Exploring the Text

  1. Respond to this story in any way you like but keep the following questions in mind: How old do you think the narrator was when this incident took place? At what point in the story did you feel most amused by something the young girl said or did? At what point did you feel most sympathetic towards her? Did anything in this story remind you of an experience you had in your early teens? Explain. Share your ideas with one other student.
  2. On what maxim is the title of this story based? Account for the changes the author made in this maxim. Explain the significance of the title with regard to the story. In what two ways could the word cured be interpreted? Of what, and in what way, is the narrator cured?

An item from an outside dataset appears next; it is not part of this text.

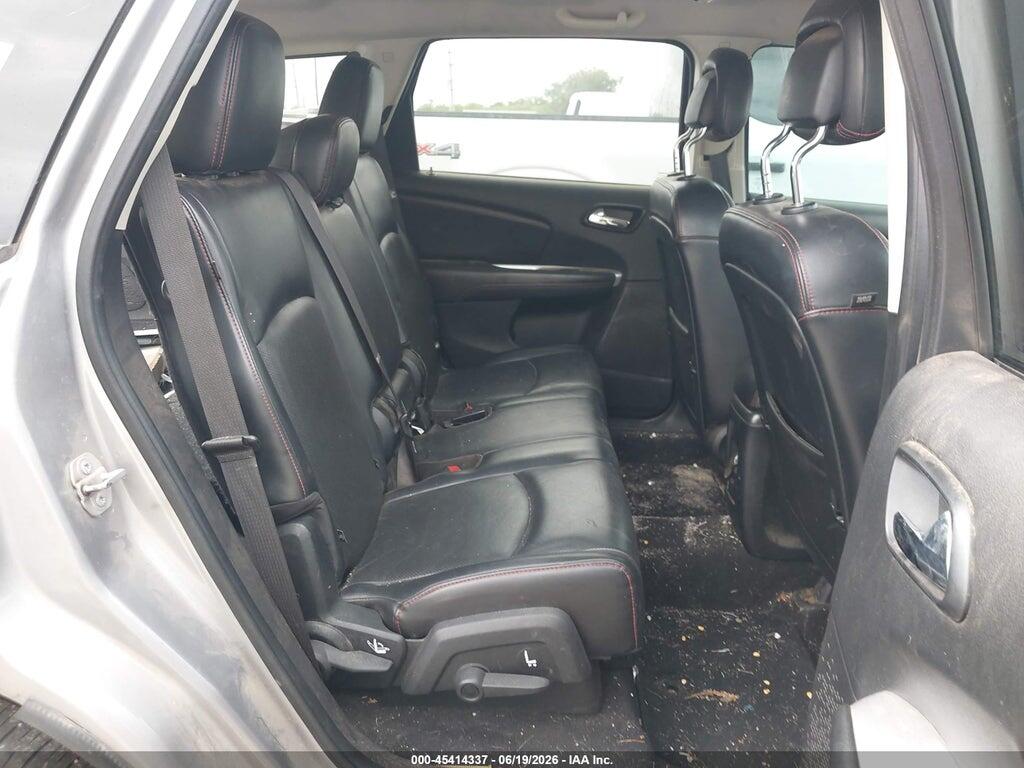 3C4PDCEGXJT381208 2018 DODGE JOURNEY photo no. 8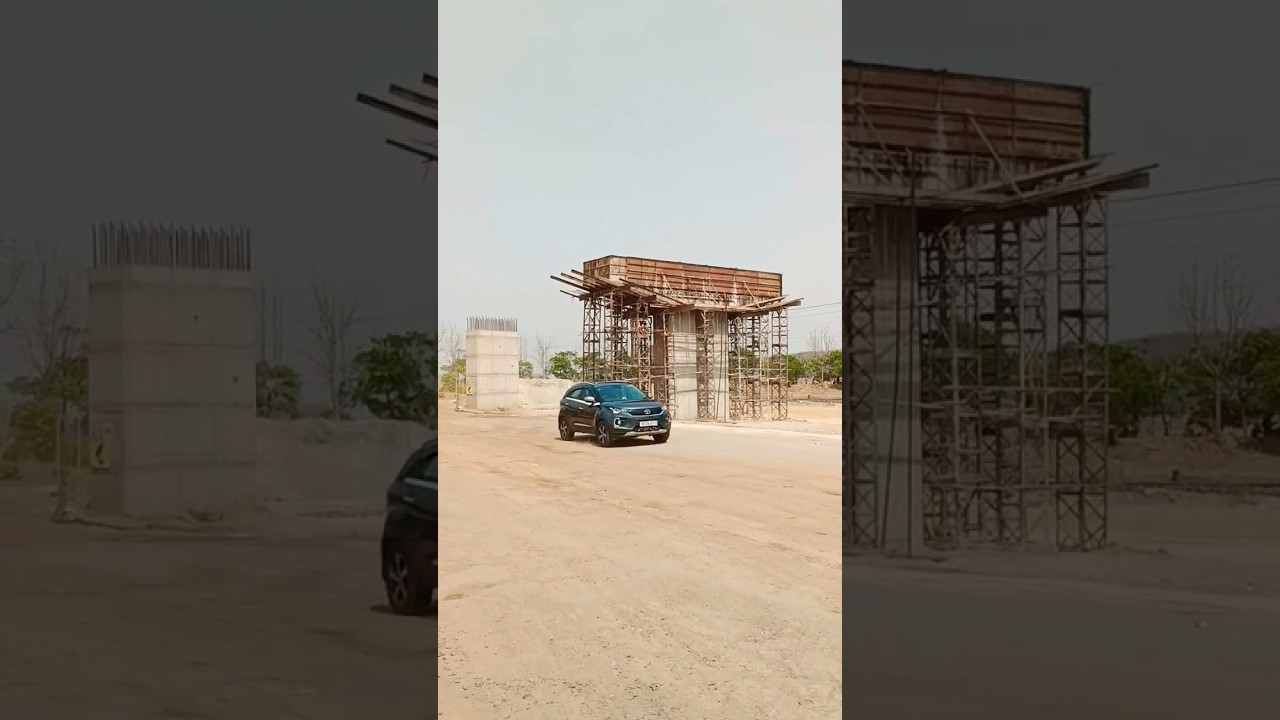 New Bridge Construction ||  Rourkela Birsra Road || Short Video ||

  3. Focusing on three specific incidents, analyze the mother-daughter relationship in this story. What conclusions can you draw about the mother’s character from what we are told about her?
  4. The narrator says she “showed the most painful banality” in her whole relationship with Martin Collingwood. Do you agree? Explain why or why not.
  5. Reread the section of the story which begins with the protagonist phoning her friends and ends with their departure from the Berrymans’. Explain why Kay Stringer was “exactly the person” the narrator needed at this point.
  6. Work with at least two other students on this assignment. Explain clearly what is meant by three of the following excerpts from the story, and use an example—not necessarily from the story—to clarify each of your explanations:
  • “the unaccountable past” (p. 32)
  • “the elaborate and unnecessary subterfuge that young girls delight in” (p. 36)
  • “oh, delicious moment in a well-organized farce!” (p. 37)
  • “covering up the ignominy of their departure with a mechanical roar of defiance” (p. 38)
  • “I gave him a gentle uncomprehending look in return” (p. 40)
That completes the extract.